• Information supplied:
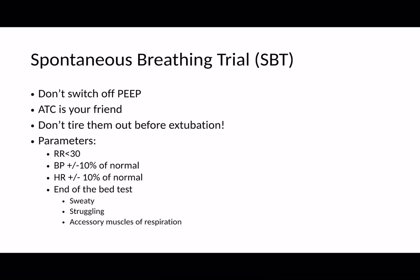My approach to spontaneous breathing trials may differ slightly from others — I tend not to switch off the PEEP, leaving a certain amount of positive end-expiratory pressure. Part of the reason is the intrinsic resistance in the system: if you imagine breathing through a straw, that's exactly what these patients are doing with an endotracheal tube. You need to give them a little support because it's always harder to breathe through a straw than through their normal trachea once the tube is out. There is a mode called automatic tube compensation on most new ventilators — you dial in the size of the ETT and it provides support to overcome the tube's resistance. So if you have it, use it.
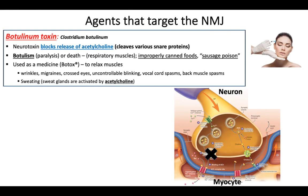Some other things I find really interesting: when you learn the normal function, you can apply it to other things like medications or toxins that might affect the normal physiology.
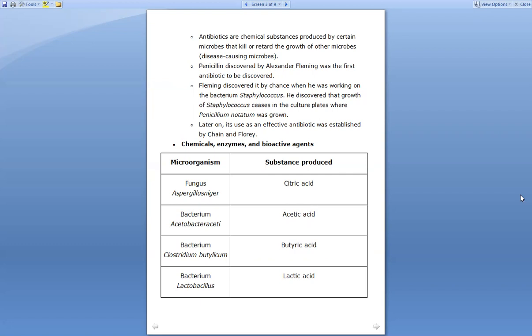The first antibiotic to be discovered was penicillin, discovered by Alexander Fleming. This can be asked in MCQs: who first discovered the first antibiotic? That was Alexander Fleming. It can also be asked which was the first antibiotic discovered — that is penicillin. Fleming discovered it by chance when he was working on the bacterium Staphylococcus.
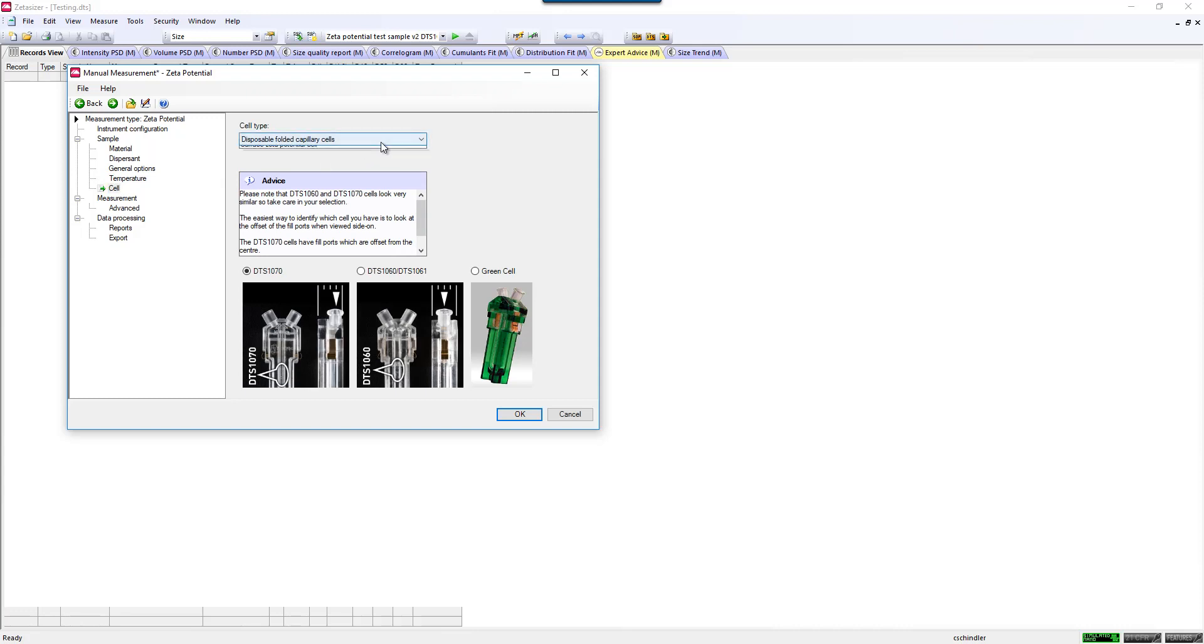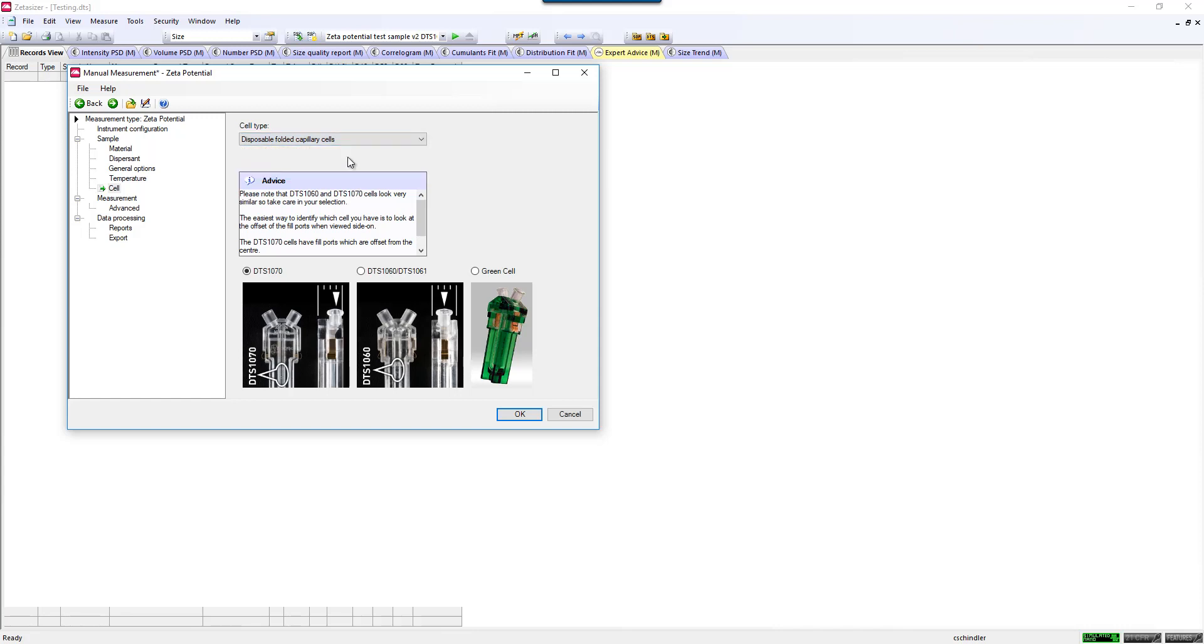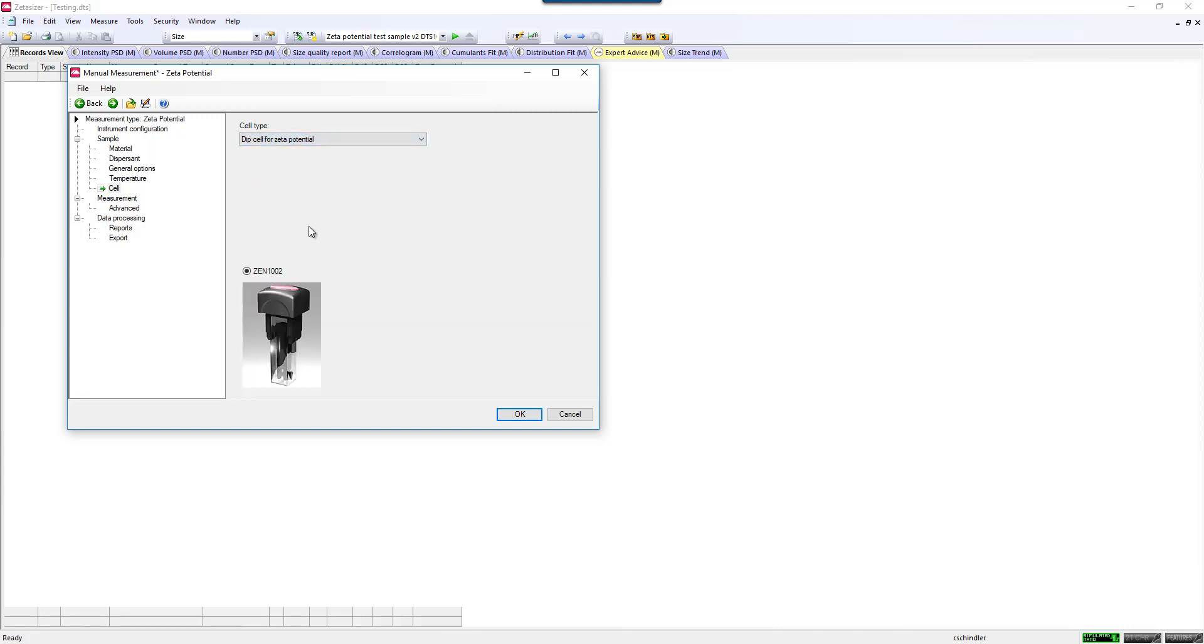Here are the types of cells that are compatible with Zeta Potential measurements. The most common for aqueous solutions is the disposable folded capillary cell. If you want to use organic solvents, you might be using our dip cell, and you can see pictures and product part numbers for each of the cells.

...

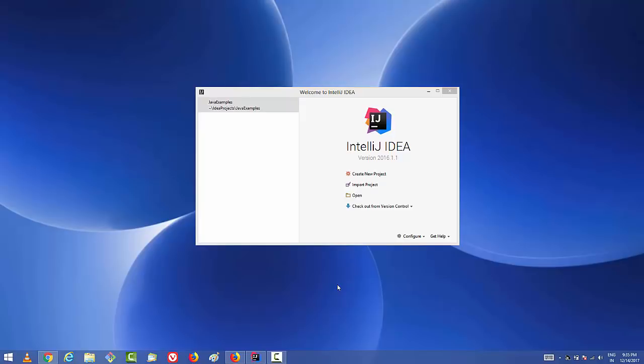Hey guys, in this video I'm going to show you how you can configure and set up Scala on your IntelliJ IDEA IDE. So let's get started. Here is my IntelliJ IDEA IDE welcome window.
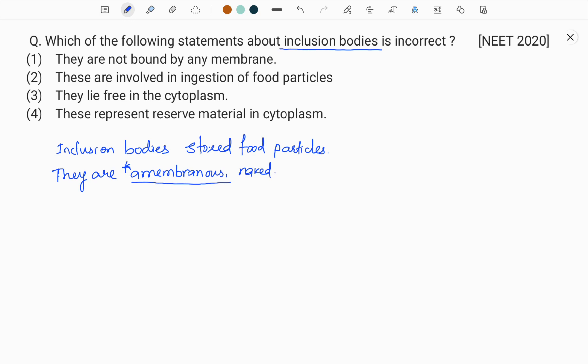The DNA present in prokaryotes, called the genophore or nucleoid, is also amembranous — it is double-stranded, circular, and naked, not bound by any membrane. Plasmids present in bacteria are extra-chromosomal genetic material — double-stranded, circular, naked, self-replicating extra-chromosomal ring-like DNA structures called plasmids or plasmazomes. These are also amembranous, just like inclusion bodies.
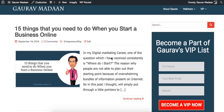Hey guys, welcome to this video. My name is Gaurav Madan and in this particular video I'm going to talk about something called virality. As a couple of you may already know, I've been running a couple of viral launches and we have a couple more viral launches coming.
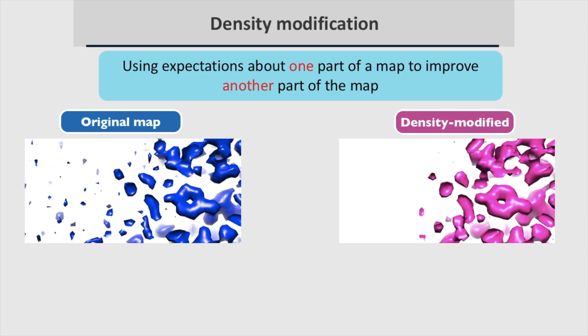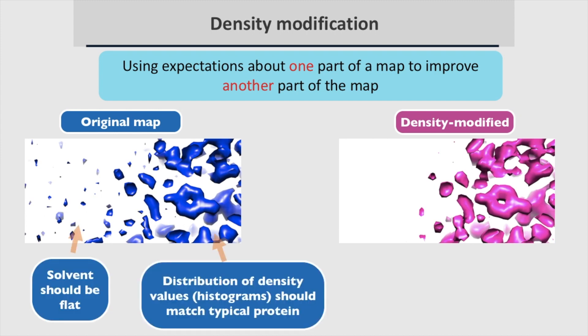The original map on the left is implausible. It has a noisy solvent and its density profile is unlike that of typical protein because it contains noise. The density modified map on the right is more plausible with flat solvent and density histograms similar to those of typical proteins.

• Task item:
Return exactly the lines that appear in the data above between the line containing "Hey guys, welcome" and the line containing "The original map", both of which are included, and leave the pictures out.

• Task result:
Hey guys, welcome to this video. My name is Gaurav Madan and in this particular video I'm going to talk about something called virality. As a couple of you may already know, I've been running a couple of viral launches and we have a couple more viral launches coming.
The original map on the left is implausible. It has a noisy solvent and its density profile is unlike that of typical protein because it contains noise. The density modified map on the right is more plausible with flat solvent and density histograms similar to those of typical proteins.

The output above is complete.